Vaping still safer than smoking, say health bosses after report of severe lung injury

In a case reported in the Archives of Disease in Childhood, a teenage boy in Nottingham developed life-threatening hypersensitivity pneumonitis after using e-cigarettes.

People should not be deterred from switching to vaping to stop smoking, experts have said. | GETTY IMAGES

The teenager developed intractable respiratory failure and is now in recovery following life-saving treatment with extracorporeal membrane oxygenation. His is the only confirmed case of vaping-associated lung injury to be reported so far among 3.6 million people vaping in the UK.

Dr Jayesh Bhatt, a consultant at Nottingham University Hospitals who treated the teenager, said: 'We consider e-cigarettes as 'much safer than tobacco' at our peril.'

However, Public Health England has reiterated its advice that vaping is 95% safer than smoking.

Rosanna O'Connor, director of drugs, alcohol and tobacco at PHE, said: 'Smoking kills half of lifelong smokers and accounts for almost 220 deaths in England every day.
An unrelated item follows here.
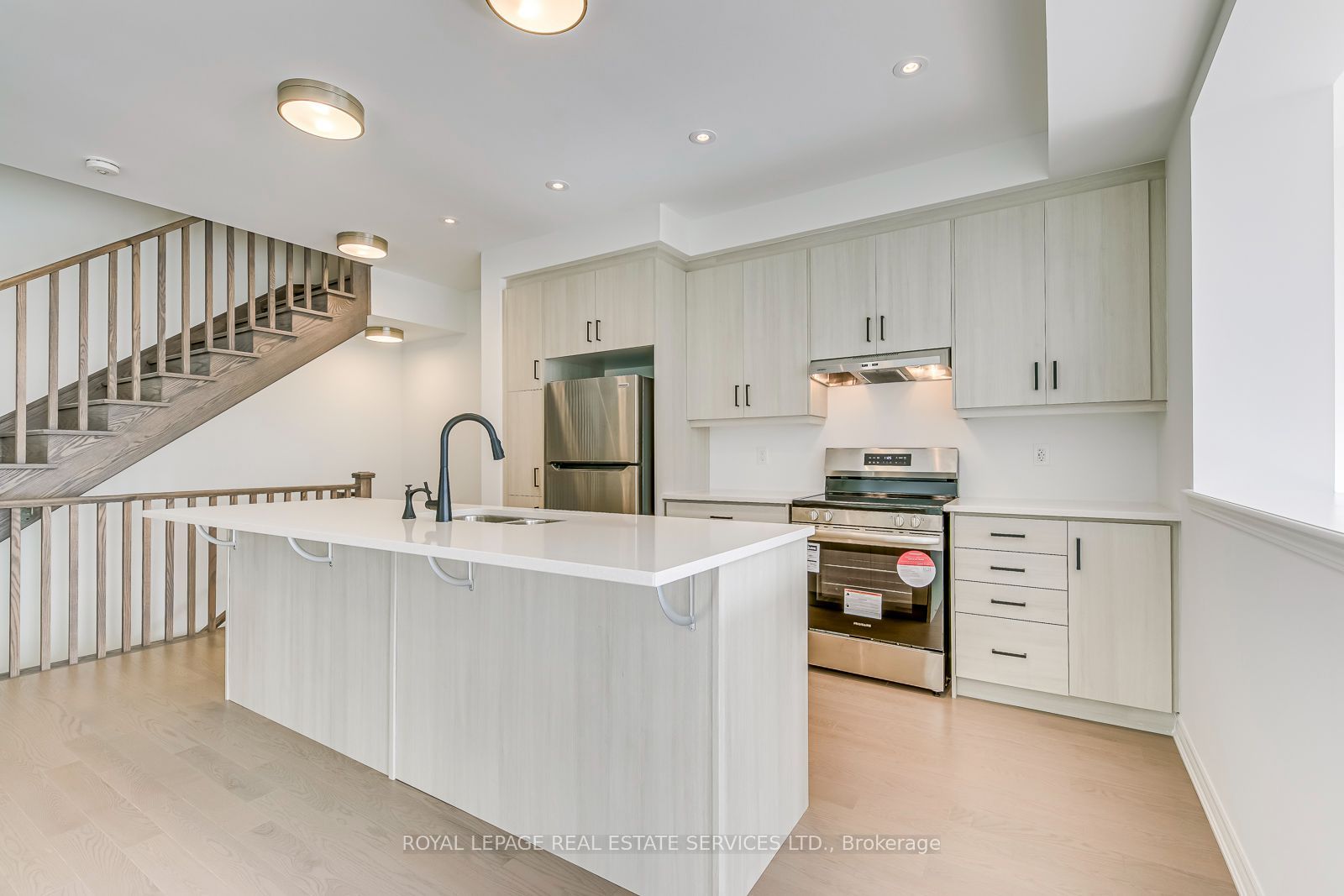 1205 Poppy Gardens Property Photo 10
Our advice remains that while not completely risk free, UK regulated e-cigarettes carry a fraction of the risk of smoked tobacco.'

Dr Nick Hopkinson, medical director of the British Lung Foundation, said: 'If people switch completely from smoking to vaping, they will substantially reduce their health risk as e-cigarettes do not contain tobacco and any harmful components are present at a much lower level.

'People who do switch should try to quit vaping in the long term too but not at the expense of relapsing to smoking - and non-smokers should not take up vaping.'

Prof John Britton, the director of the UK Centre for Tobacco and Alcohol Studies, at the University of Nottingham, added: 'This is worrying, and the risk needs to be acknowledged, but in absolute terms it is extremely small and, crucially, far smaller than that of smoking. The advice remains the same: if you smoke, switch to vaping; if you don't smoke, don't vape.'

US reports

Vaping-related lung injury was first reported in the US, where there have now been 2051 cases and 39 deaths. Researchers there say most cases are connected to use of products containing THC, the main psychoactive molecule in cannabis.

It is thought the lung injury may be caused by a reaction to vitamin E acetate, an ingredient in some vaping liquids which is not permitted in e-cigarettes in the UK. US researchers found the additive in all 29 samples of lung fluid they tested from affected patients.